Pedoderm: a mappable unit mantle of soil which has physical, chemical or biological characteristics and stratigraphic relationships that permit its consistent recognition and mapping; obsolete (see geosol).

Pedofacies: the different profile types (soil horizon sequences) of a geosol that result from lateral variation in parent material, climate, vegetation, topography or length of development period.

Pedolith: (a) lithified soil, such as laterite or silcrete; obsolete (see lithified soil). (b) transported (allochthonous) soil material; obsolete (see soil sediment).

Polygenetic soil: a soil formed in two or more periods when the environmental factors were sufficiently different to produce detectably different assemblages of soil features (i.e. the directions of soil development were different in the periods involved). Minor episodes of deposition may have occurred between or within the periods of soil development, but were not sufficient to leave layers of unaltered material.

Relict soil: (a) a surface (non-buried) soil containing features formed in an environment different from the present; its development began in a pre-existing landscape and continues today because it was never buried; obsolete (see paleosol, non-buried). (b) soil aggregates transported from their original site of formation; obsolete (see soil sediment).
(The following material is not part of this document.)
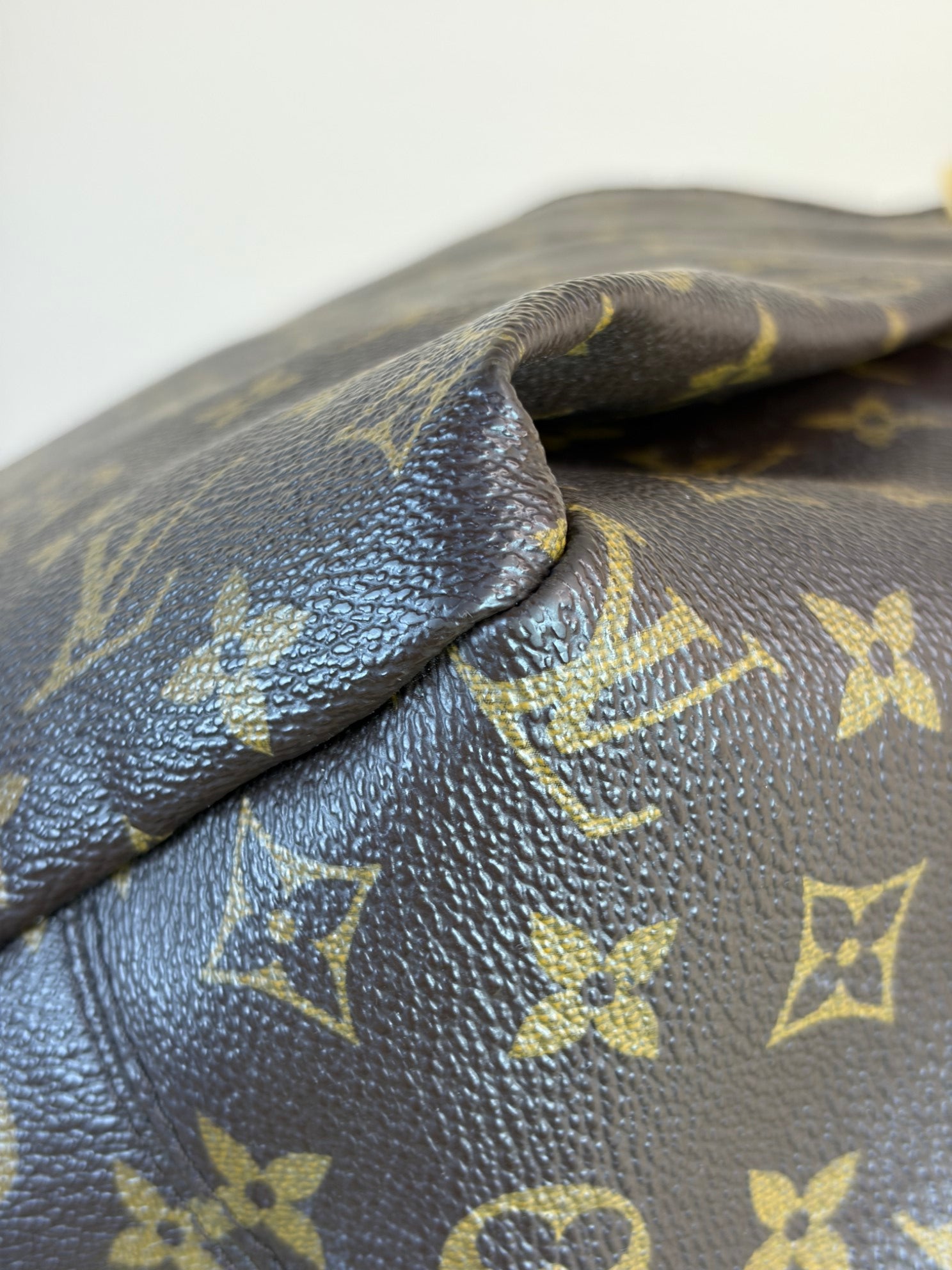 Louis Vuitton Monogram Artsy MM Shoulder Bag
Soil: a three-dimensional body on the surface of the earth composed of mineral and/or organic material, air and water, and formed by the impact of environmental factors acting on parent materials over a period of time to produce a sequence of horizons. The organic material includes both living and dead components and is at least partly autochthonous. 'Soil' is now obsolete as a stratigraphic term but informally is still widely used as such. It is also used in various slightly different senses by civil engineers, botanists, farmers etc. With slight modification this definition can also be applied to the surface materials of extra-terrestrial bodies such as other planets.

Soil sediment: soil material which has been transported a considerable distance from its original site of formation yet retains some recognizable soil fabric (i.e. was incompletely dispersed during transportation).

Vetusol: a surface soil formed over a very long period (105 - 107 years) during which the land surface remained fairly stable and the variation in environmental factors was too small to produce detectably different assemblages of soil features (i.e. the direction of soil development was constant). These old monogenetic soils occur mainly on peneplains and other old geomorphic surfaces in tropical and subtropical regions where Quaternary climatic changes were small.